Otto anni or sono, il 7 maggio [del 1994, ndr], a pochi giorni di distanza dalla sua beatificazione, coloro che il giorno dopo avrebbero lanciato il “Progetto Gemma” andarono a Mesero sulla sua tomba.
Erano le sei e l’Eucarestia fu celebrata da mons. Michel Schooyans, nome ben noto a chi si impegna nella lotta per la Vita. Non sapevano che sorte avrebbe avuto l’iniziativa: per molti era un’avventura pericolosa. Noi lo sapevamo che poteva esserlo per la mancata risposta, e per questo invocammo la protezione di questa nuova Beata, che aveva offerto la vita per la nascita della quarta figlia.
A otto anni di distanza, quello che è avvenuto è miracoloso: con il lavoro di tre persone volontarie che lo tengono in piedi, il “Progetto Gemma” ha risposto alle centinaia di domande che vengono dai Centri di Aiuto di tutta Italia assicurando un mezzo spesso decisivo per salvare 6.000 bambini.
Quello che più importava a noi all’inizio era che questa azione (per la quale la gente ha versato 12 miliardi di lire) fosse considerata non solo un aiuto necessario ai bimbi e alle madri, ma una parte della preghiera per la Vita.
Ce lo richiamò Giovanni Paolo II (Enc. Evangelium Vitae, n. 100) “è urgente una grande preghiera per la Vita, che attraversi il mondo intero. Con iniziative straordinarie e nella preghiera abituale, da ogni comunità cristiana, da ogni gruppo o associazione, da ogni famiglia e dal cuore di ogni credente si elevi una supplica appassionata a Dio, Creatore e amante della Vita”.
Il “Progetto Gemma” ha un modo col quale, per un anno e mezzo, la contemplazione del Dio della Vita si fece ancor più presente in quella di Gesù Concepito, secondo l’ammonizione di san Giacomo: “mostrami la tua fede senza le opere, e io con le mie opere ti mostrerò la mia fede”.
Fra tutti gli aderenti in Italia, ci sono 484 parrocchie.
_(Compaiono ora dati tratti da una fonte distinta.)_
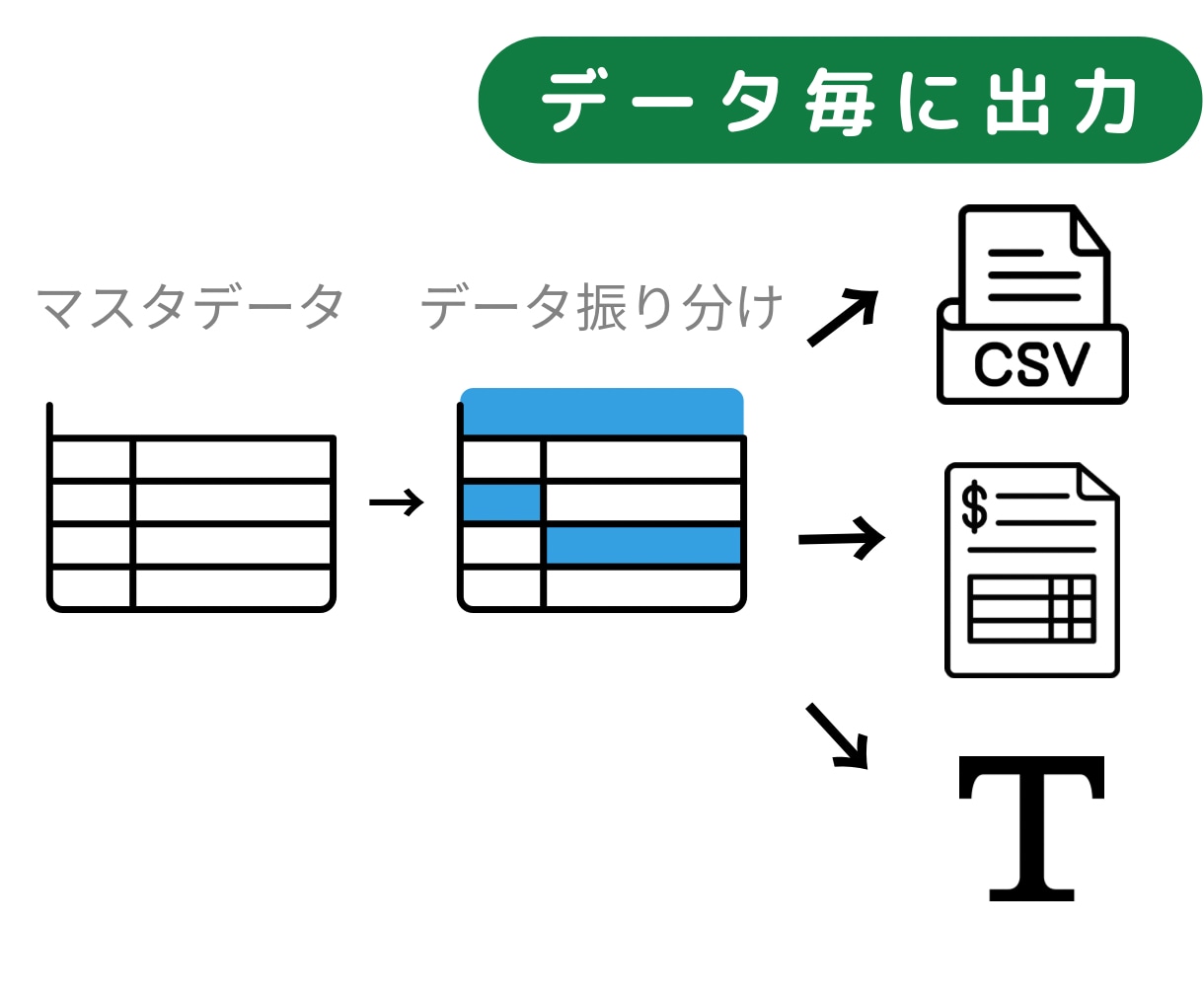 手作業を自動化！Excel改善代行します 現役SEの技術フル活用！日々の業務からのご提案もお任せ！ イメージ4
Alcune di esse hanno elencato, in questi otto anni, oltre 20 adozioni di bambini non nati.
È singolare sentire dai parroci come l’attesa della nascita, le notizie del bambino salvato, spesso la fotografia, siano una fonte perenne di richiamo alla preghiera per la Vita, di lode al Signore, di ringraziamento perché ha dato a tutti la gioia di cooperare, perché il silenzioso martirio di 140.000 creature, ogni anno, in Italia, non rimanga in silenzio.
Le parrocchie e i luoghi di culto in Italia sono oltre 30.000: vorrei che i parroci che hanno visto crescere la preghiera per la Vita – invocata dal Papa e piuttosto trascurata – ne parlassero ad altri come di un percorso, così prossimo e immediato, per la cultura della Vita di questo nostro Paese che vive, cattolici compresi, come se della strage ogni giorno compiuta non importasse granché.
Il “Progetto Gemma” nella crescita di ogni anno, dai 100 del primo ai 1400 di quest’anno, rischia di non farcela a dare seguito a tutte le richieste: non credo possa, una comunità cristiana, starsene indifferente a sapere che in questa nostra città un bambino è morto perché nessuno ha dato una mano alla madre.